You were previously an assistant curator at the Singapore Art Museum before branching out on your own installing exhibitions in various independent spaces. Could you describe the differences, if any, of working inside and outside official institutions? Does one offer more grounds for experimentation?
I don’t think one space offers more opportunities for experimentation than the other. Experimentation can take place physically at even the smallest of scales, and cognitively as far as imagination allows. It’s certainly a misconception that being independent equates to being “free”, the same responsibilities still exist, and perhaps more liabilities become apparent. If there is a key difference I should necessarily highlight, that would be the financial precarity of the “independent” cultural worker – be it an artist, academic, or curator. What is the median wage in any particular country, and how many artworks, essays, curations does that translate to based off prevailing market rates?
Let’s discuss your upcoming show at S.E.A Focus 2024. How did you arrive at your curatorial statement? What does your typical process look like?
The theme of S.E.A Focus 2024 came up over the course of a conversation with Emi Eu (Executive Director of STPI and Project Director of S.E.A. Focus) where we chat about the rise of artificial intelligence in art-making. I recall drawing on my own personal experience as an educator in LASALLE where I teach an elective on curating, and the increasing prevalence of ChatGPT use amongst students and the regular circulars sent out by the school about guidelines governing its use. It was apparent to me that anxieties pertaining to the use of AI were mounting, though it hadn’t undermined its popularity. I believed that S.E.A. Focus would be an ideal barometer to assess AI’s significance in contemporary art-making circumstances, and crafted the curatorial statement to inspire the submission of artworks from our participants that clarified its function and prevalence.
Could you speak a little about the conception of this show and the artists that you’re working with? Who are they and why did you decide to approach them?
The title of this upcoming edition Serial and Massively Parallel, is a specific reference to how the human mind operates, in contrast to a computer which is largely serial. The human brain is able to receive input from a multitude of bodily senses, process it while cross-referencing past experiences, to arrive at a determination. This is significant enough in both the creation and experience of art that dared me to draw the conclusion that perhaps the aesthetic experience would emerge as the distinguishing factor in an epoch of competing (biological and artificial) intelligences.
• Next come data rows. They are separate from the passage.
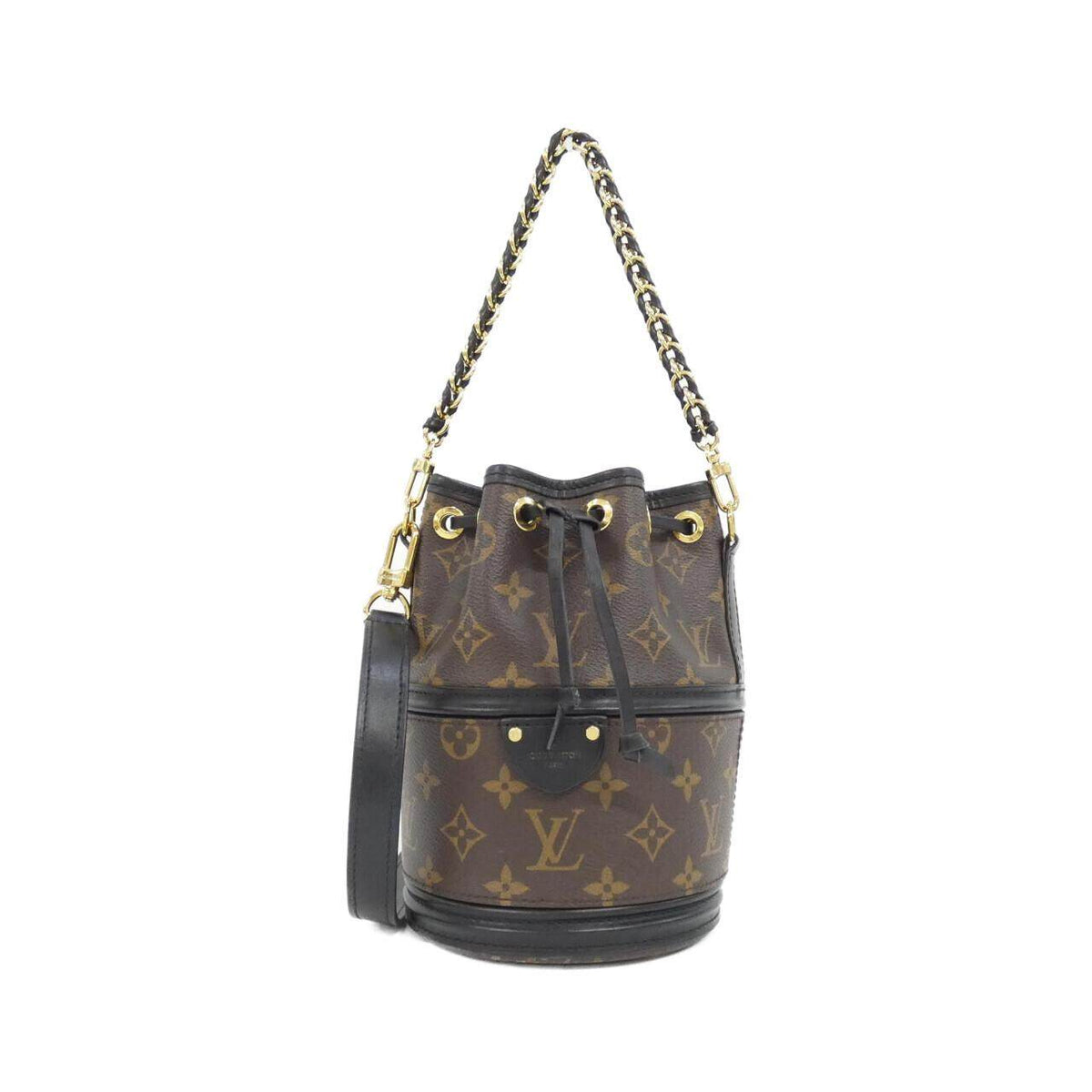 Louis Vuitton Monogram Shoulder Bag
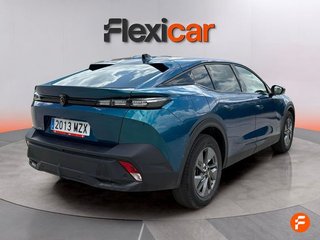 Peugeot 408 408 Allure HYBRID 145 eDCS6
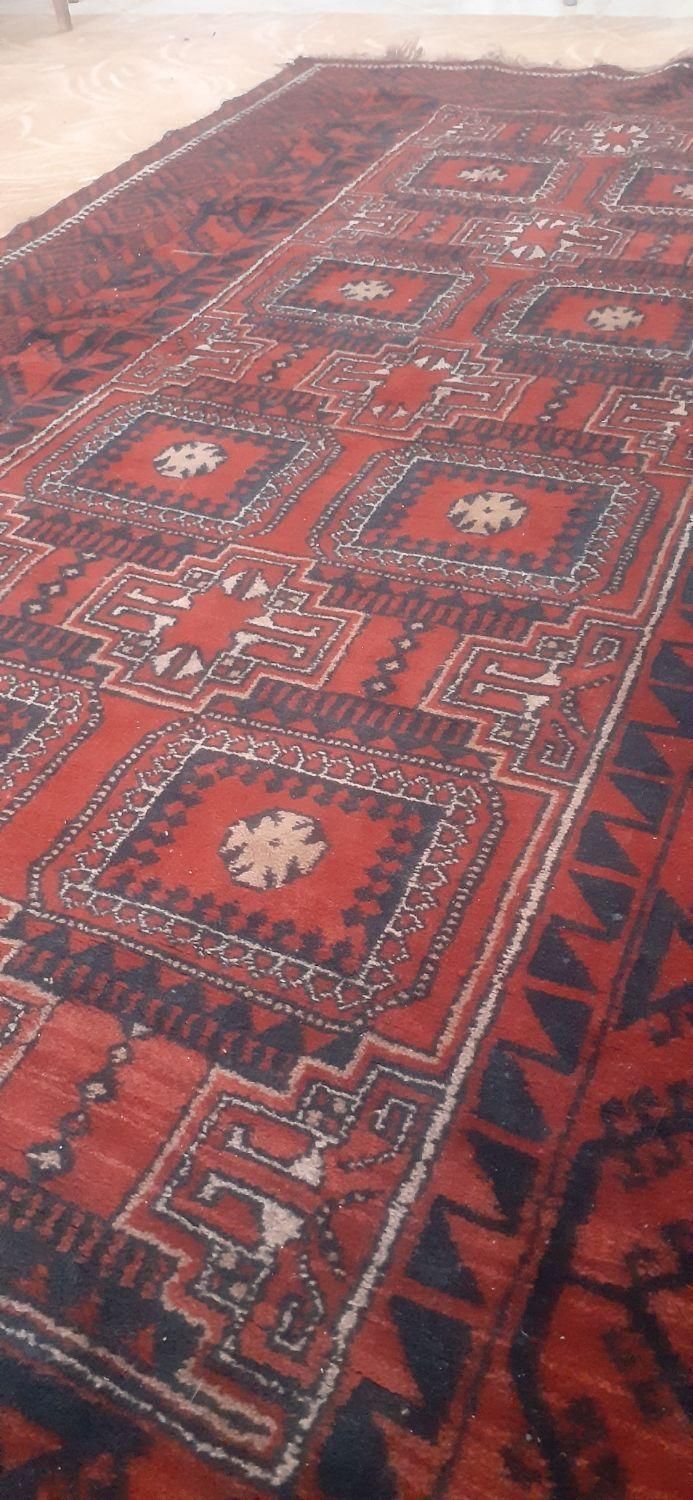 قالیچه دستباف|فرش|مشهد, گلبرگ شمالی|دیوار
In that respect, it was important to contextualise AI within the broader scope of artistic practices that exist in the contemporary, rather than give focus to AI alone. We invited galleries to submit artworks in response to the curatorial statement, and we were glad to receive a smorgasbord of options that exemplified, complicated, critiqued, and embraced our digital predicament. The works that we welcomed, beyond fitting into these criterion, were considered based on how well they would cohere within the space to disambiguate the curatorial premise thoroughly.
Without singling out any artist in particular, I can divulge that the show platforms a gamut of practices spanning the highly technological and futuristic, to the artisanal and handmade. In its presentation, I welcome audiences opportunities to glean reflections of their daily encounters whilst recognising the histories that preceded the moment and the futures that may come.